**What the task asks:** For the entries that follow, retype exactly the lines from the one containing "15391 Wandering Way - Photo 6 of 14" to the one containing "Courtyard View, Two Bedrooms, Two Queens", inclusive, and only those. Images stay out of the copy.

**Excerpted data:**
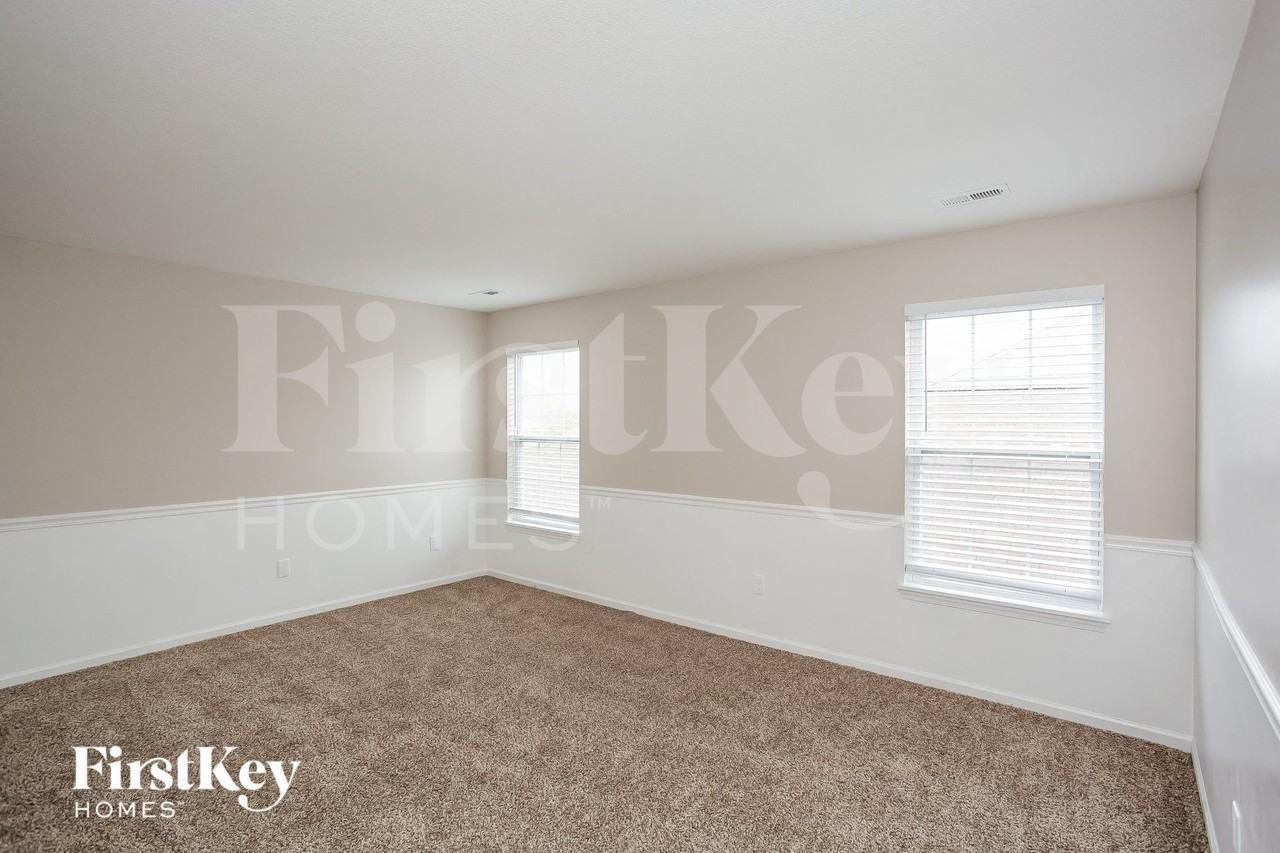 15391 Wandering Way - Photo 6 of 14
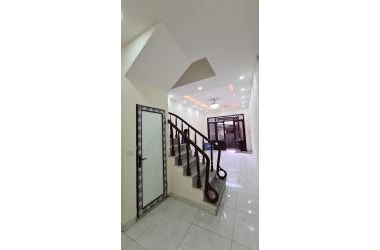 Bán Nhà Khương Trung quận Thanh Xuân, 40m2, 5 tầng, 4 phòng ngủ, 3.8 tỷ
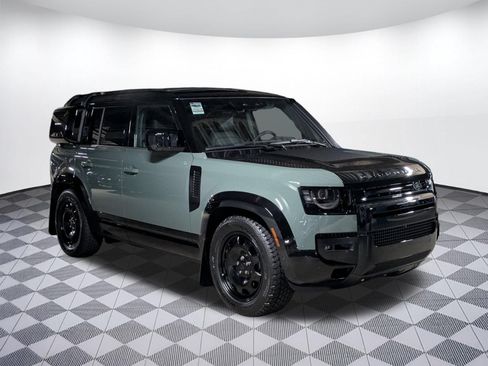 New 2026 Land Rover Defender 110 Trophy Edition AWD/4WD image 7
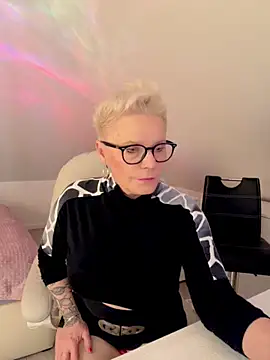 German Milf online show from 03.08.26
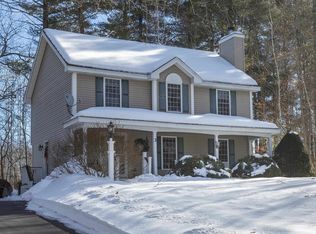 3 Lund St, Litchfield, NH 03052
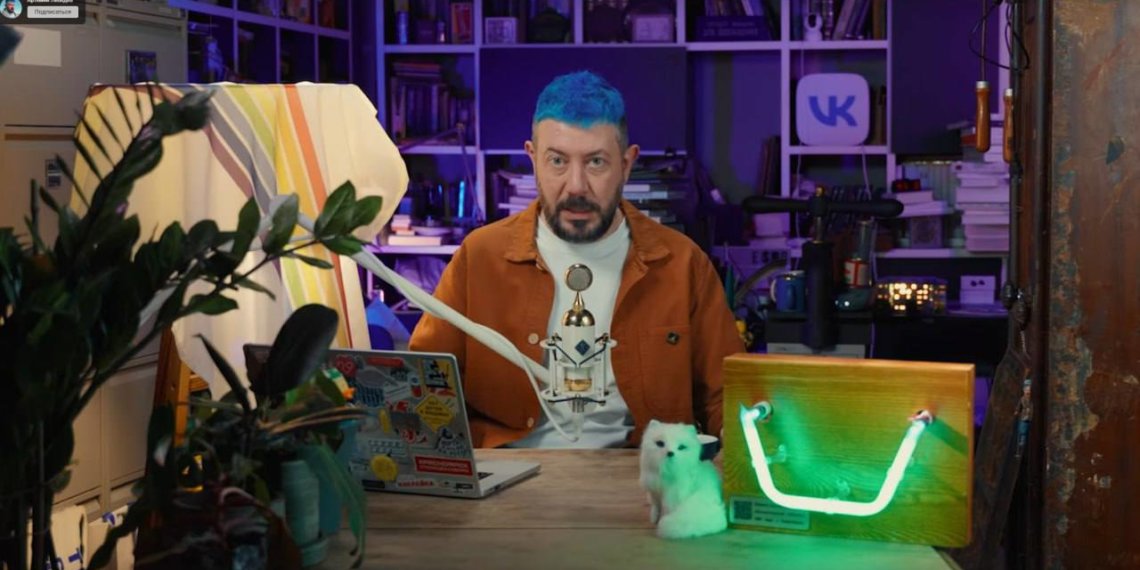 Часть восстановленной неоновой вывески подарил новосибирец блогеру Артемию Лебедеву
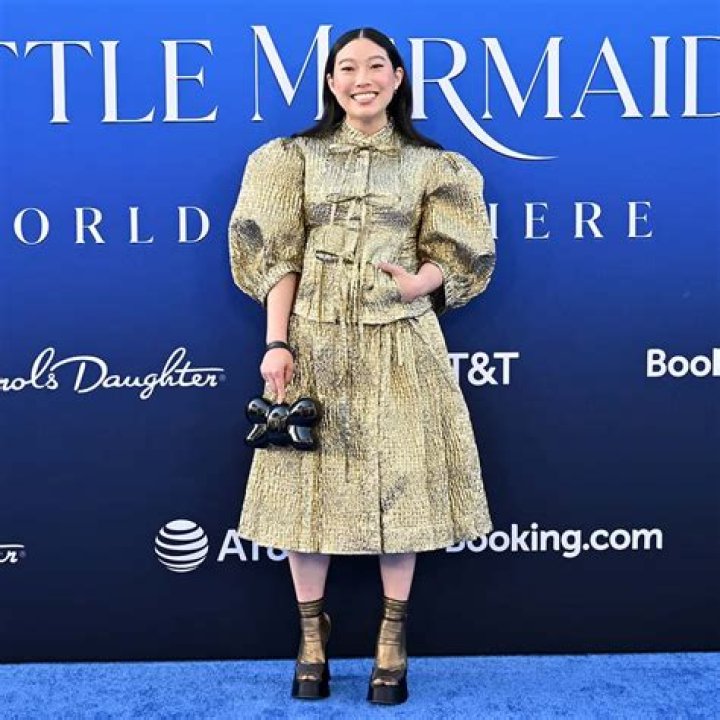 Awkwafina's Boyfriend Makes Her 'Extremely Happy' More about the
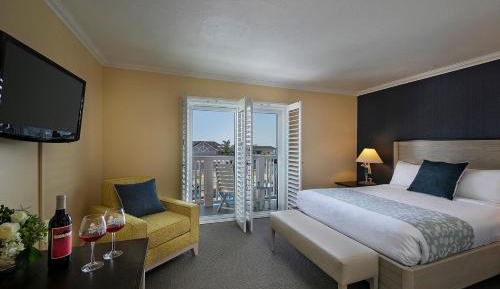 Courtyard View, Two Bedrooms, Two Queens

* * *

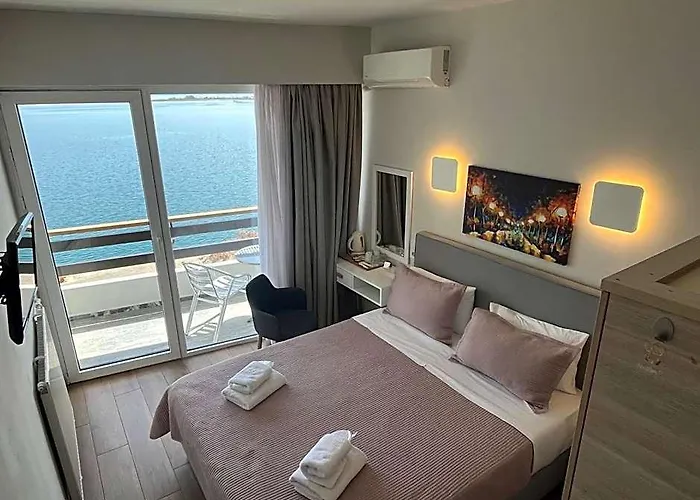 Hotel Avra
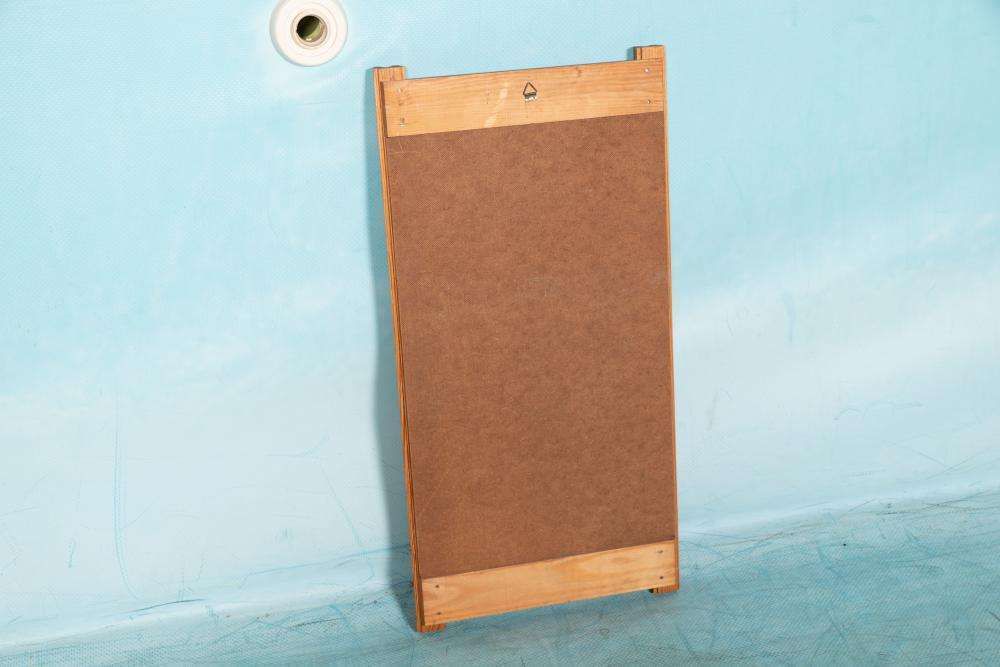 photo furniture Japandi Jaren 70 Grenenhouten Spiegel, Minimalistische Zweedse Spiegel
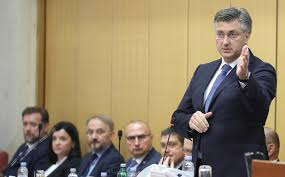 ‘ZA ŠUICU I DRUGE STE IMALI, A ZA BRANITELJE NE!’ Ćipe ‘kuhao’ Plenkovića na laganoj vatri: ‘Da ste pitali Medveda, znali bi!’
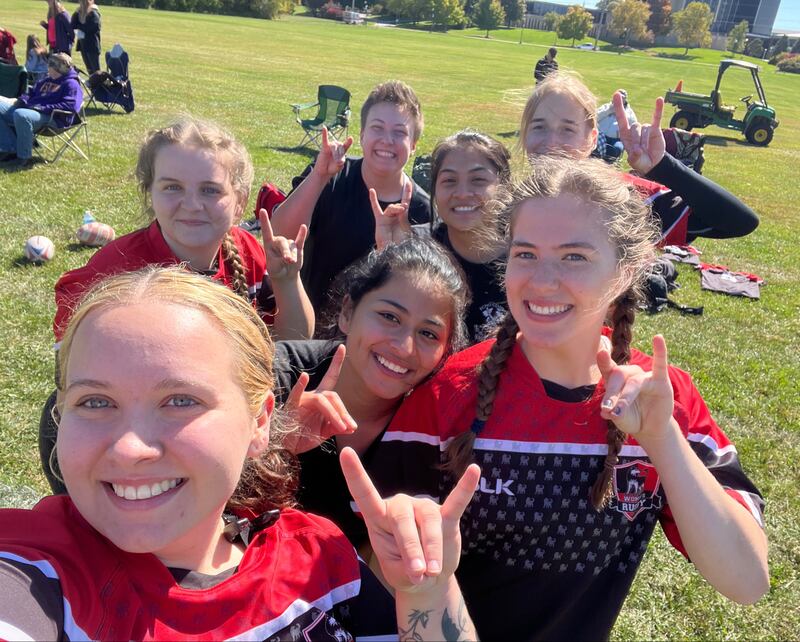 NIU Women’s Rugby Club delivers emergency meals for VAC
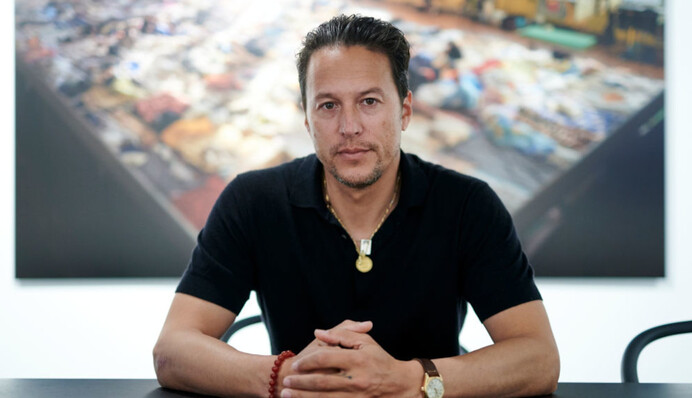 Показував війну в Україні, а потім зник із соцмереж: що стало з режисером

**Response:**
 15391 Wandering Way - Photo 6 of 14
 Bán Nhà Khương Trung quận Thanh Xuân, 40m2, 5 tầng, 4 phòng ngủ, 3.8 tỷ
 New 2026 Land Rover Defender 110 Trophy Edition AWD/4WD image 7
 German Milf online show from 03.08.26
 3 Lund St, Litchfield, NH 03052
 Часть восстановленной неоновой вывески подарил новосибирец блогеру Артемию Лебедеву
 Awkwafina's Boyfriend Makes Her 'Extremely Happy' More about the
 Courtyard View, Two Bedrooms, Two Queens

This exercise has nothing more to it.